# Is big box plywood okay for building furniture?



## LearningAsIGo

With the help of my boyfriend I'm planning on building a desk like this. When it comes to building things I would say that we are beginners. I'm not looking to build heirloom quality furniture, just trying to save some money. But I also don't want it to fall apart or warp after we spend time and money building it.

I have done some googling about big box plywood and came across some threads that say it is no good.

My Home Depot carries 3/4" oak ply for $44.97, it's stamped Bloomfield. Lowes has something called Arauco for $37. I have also found a few local lumber places. A 5×5 sheet of Baltic Birch with a grade of B/BB goes for $77.63. A 4×8 sheet of A1 Birch Natural is $90.60, plain sliced oak is $96.

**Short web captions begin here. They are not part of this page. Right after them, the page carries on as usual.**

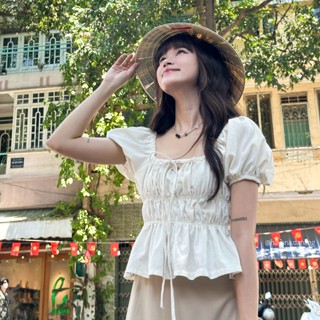 Áo kiểu linen nhún thân dáng babydoll trễ vai tay bồng tiểu thư 2 dây buộc nơ HAVANA AO362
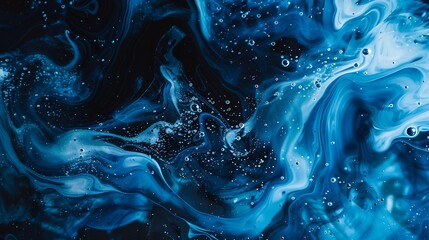 Intense dark and light blue ink swirls with speckles of white creating an abstract oceanic texture with bubbles scattered throughout : Generative AI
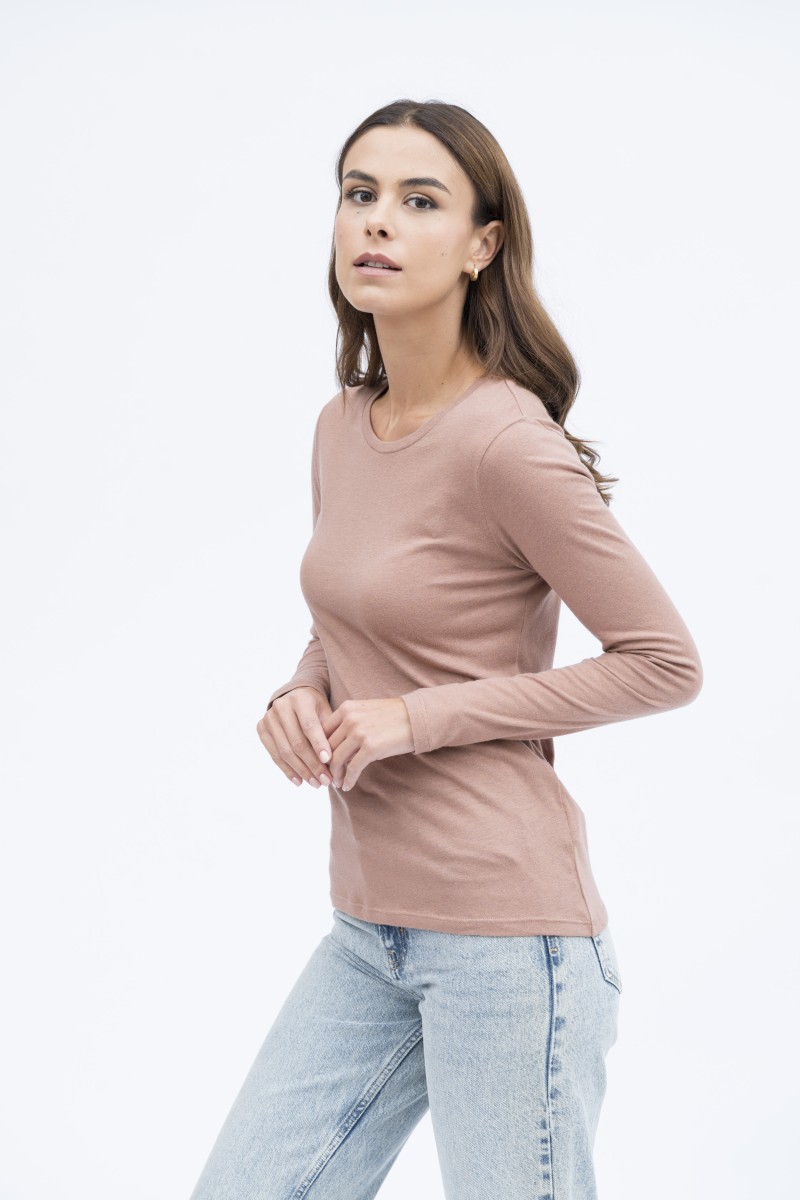 Majestic Filatures | T-shirt girocollo a maniche lunghe in cotone e cashmere nera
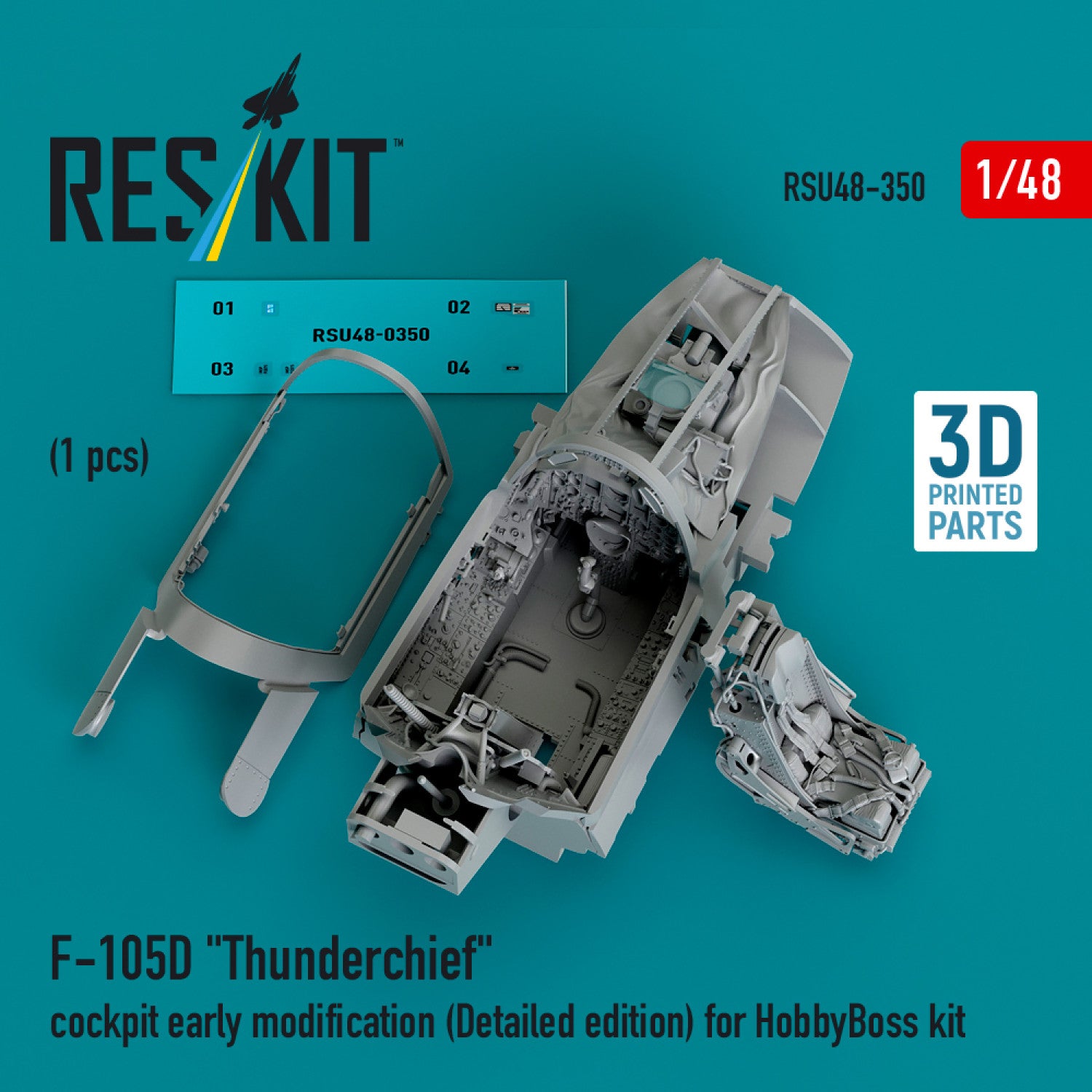 Republic F-105D Thunderchief Cockpit early modification (Detailed edition) for HobbyBoss kit (3D Printed) Scale 1:48 ResKit RSU48-0350 for Aircraft Model Kit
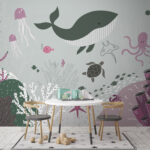 Wall mural Purple starfish on a white background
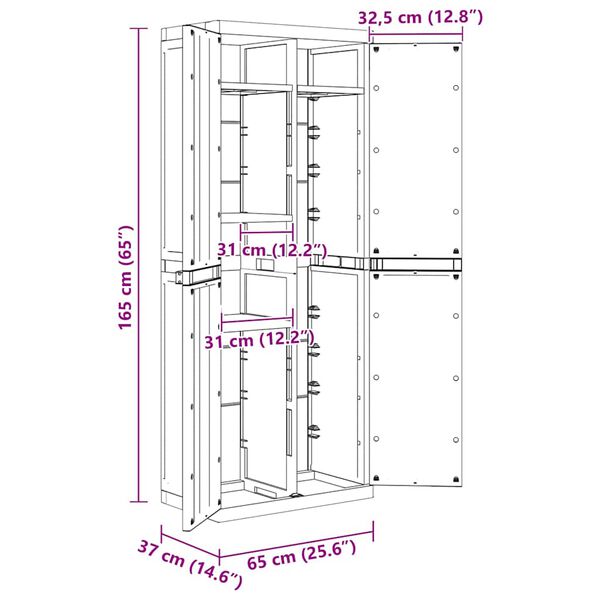 vidaXL Outdoor Storage Cabinet Grey and Black 65x37x165 cm PP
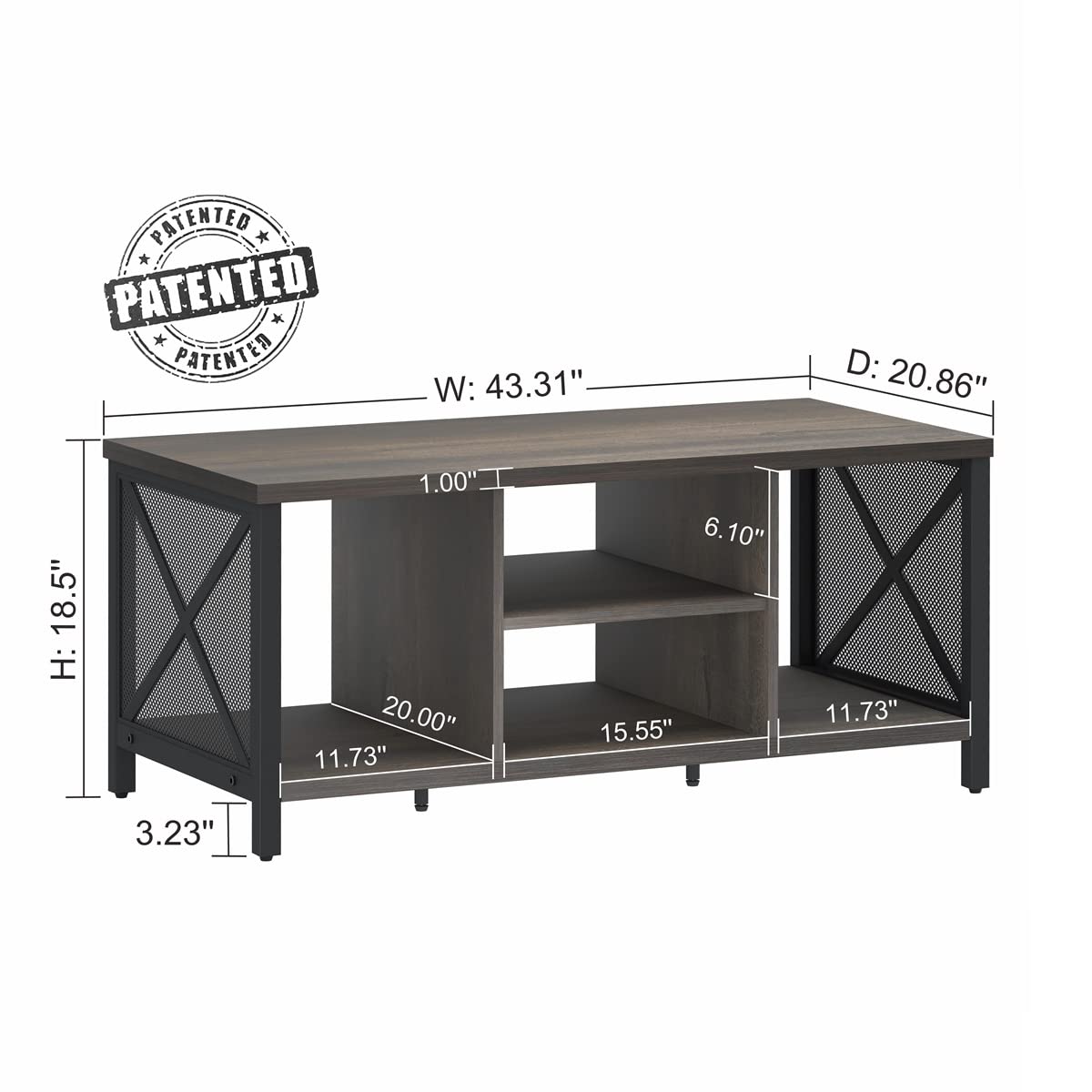 FATORRI Rustic Coffee Table for Living Room, Farmhouse Dark Wood Center Table, Industrial Rectangle Cocktail Tea Tables (Walnut Brown) FATORRI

I may need 3 sheets of 3/4" plywood to build this, not including drawer materials and other expenses. What do you think would be a cost effective yet quality choice? I'm planning on painting it if that makes a difference.

Is there anything in between not good ply from a big box store and $100+/sheet ply from a lumber yard?


----------



## superstretch

Welcome to LJ!

FYI, the link didn't work for me, so I'll repaste it here: http://www.potterybarn.com/products/bedford-corner-desk-set/

Are you planning on painting it? couldn't quite tell from your post. If that's the case, you might want to skip the oak/birch plywood and switch to a cheaper material, but still paint-grade. I've not had an issue with L/HD plywood before and have used it on several projects. With a decent skirt along the back and a leg in beg, you shouldn't have much flex at all with a 3/4 sheet.


----------



## timbrennan01824

I would look around a bit more for better pricing on the A1 nat birch ply. I'm in New England and a local lumberyard has that sheet for $67.95. And if you're going to paint it, they might have 'shop' grade and ours goes for $55 per sheet.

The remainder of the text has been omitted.